INSTRUCTIONS TO FOLLOW
All of the data below is to be written out again exactly.
↓
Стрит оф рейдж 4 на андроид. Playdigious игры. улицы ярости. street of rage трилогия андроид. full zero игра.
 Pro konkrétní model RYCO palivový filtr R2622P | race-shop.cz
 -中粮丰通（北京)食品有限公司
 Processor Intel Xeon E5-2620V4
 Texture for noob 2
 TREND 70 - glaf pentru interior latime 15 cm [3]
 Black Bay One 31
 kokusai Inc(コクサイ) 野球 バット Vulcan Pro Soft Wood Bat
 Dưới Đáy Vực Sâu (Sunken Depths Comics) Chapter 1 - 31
↑
OUTPUT BELOW
Стрит оф рейдж 4 на андроид. Playdigious игры. улицы ярости. street of rage трилогия андроид. full zero игра.
 Pro konkrétní model RYCO palivový filtr R2622P | race-shop.cz
 -中粮丰通（北京)食品有限公司
 Processor Intel Xeon E5-2620V4
 Texture for noob 2
 TREND 70 - glaf pentru interior latime 15 cm [3]
 Black Bay One 31
 kokusai Inc(コクサイ) 野球 バット Vulcan Pro Soft Wood Bat
 Dưới Đáy Vực Sâu (Sunken Depths Comics) Chapter 1 - 31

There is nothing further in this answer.